System Design 13 - Autocomplete

How google suggests search results

Introduction

So, you want to be like google, eh? Well, you’ve come to the right place.

We’ve already built a web crawler. We understand now how to do that. However, would would we do autocomplete and allow searching over the web? Well, let’s take a looks

Algorithms & Data Structures

This is again one of the questions where we need a deeper understanding of algorithms. Or, actually, data structures.

Why? Well, imagine the following:

  • You have 100 millions users
  • User types in a query and gets a response
  • You have saved previously searched queries

Now, how would you search for them? People can look for a lot of stuff, sometimes weird stuff. Try getting all words starting with “muy” in every google search ever searched.

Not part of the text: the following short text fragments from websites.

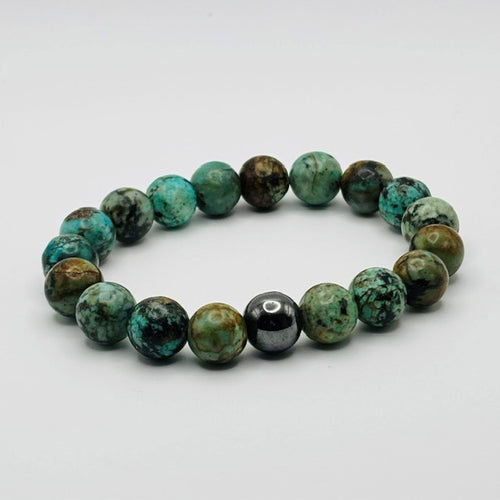 African Turquoise Bracelet
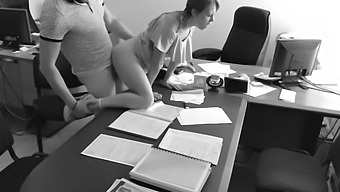 Hardkiss81'S Boss Secretly Films Himself Seducing And Having Sex With His Small Secretary At Work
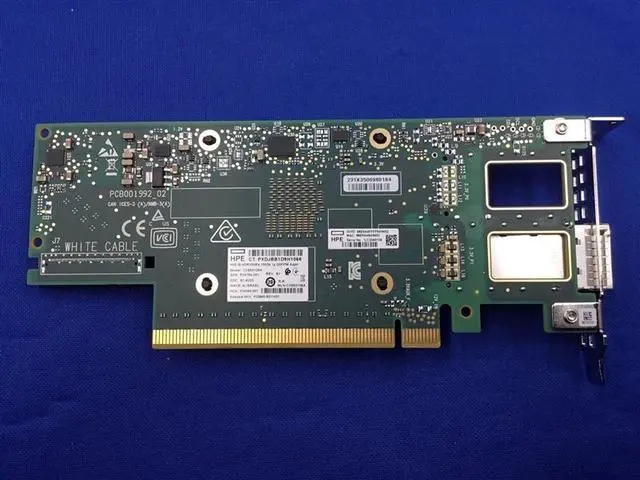 Alt view image 3 of 3 - P23665-B21 HPE IB HDR100/ETHERNET 100GB 1PORT QSFP56 PCIE4 X16 MCX653105A-ECAT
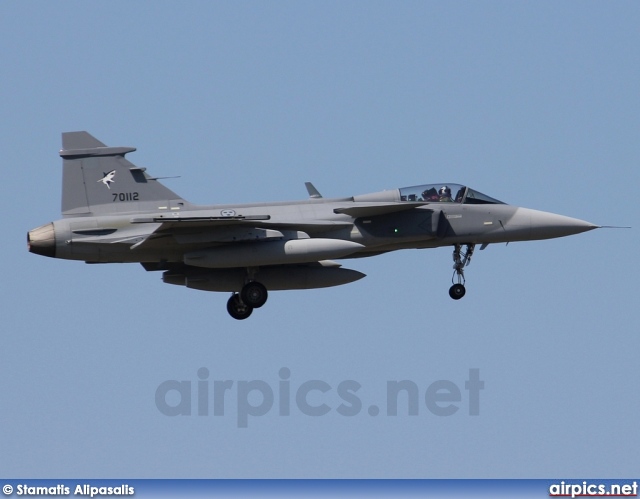 70112, Saab JAS 39-C Gripen, Royal Thai Air Force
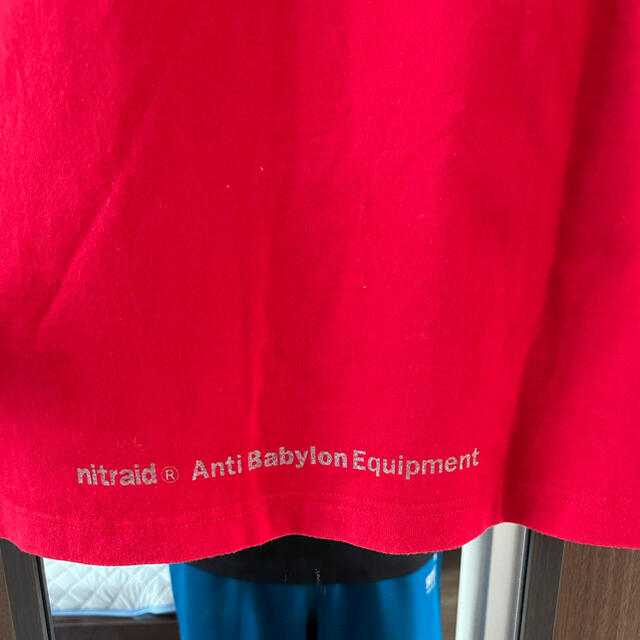 nitraid(ナイトレイド)のNITRAID アーチロゴ Tシャツ L メンズのトップス(Tシャツ/カットソー(半袖/袖なし))の商品写真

Luckily, there IS a data structure to help us. It’s a tree like structure. Let’s TRIE IT OUT (haha, I’ll see myself out).

Trie

So, the data structure we’ll use is called a Trie. So, how does it work?

Well, let’s quickly say something about trees in Computer Science, because they are unnatural - they are basically trees upside down:

  • They are root at the top
  • They have branches - groups of nodes. Each branch can have its own branch.
    • Imagine a tree with root and 2 nodes. There are 2 branches.
    • If both nodes have 2 underlying nodes, there are 2 “global” branches and 2 “local” branches for each -> total of 4 “local” branches
  • The outermost nodes are called “leafs”. Those are the nodes at the bottom.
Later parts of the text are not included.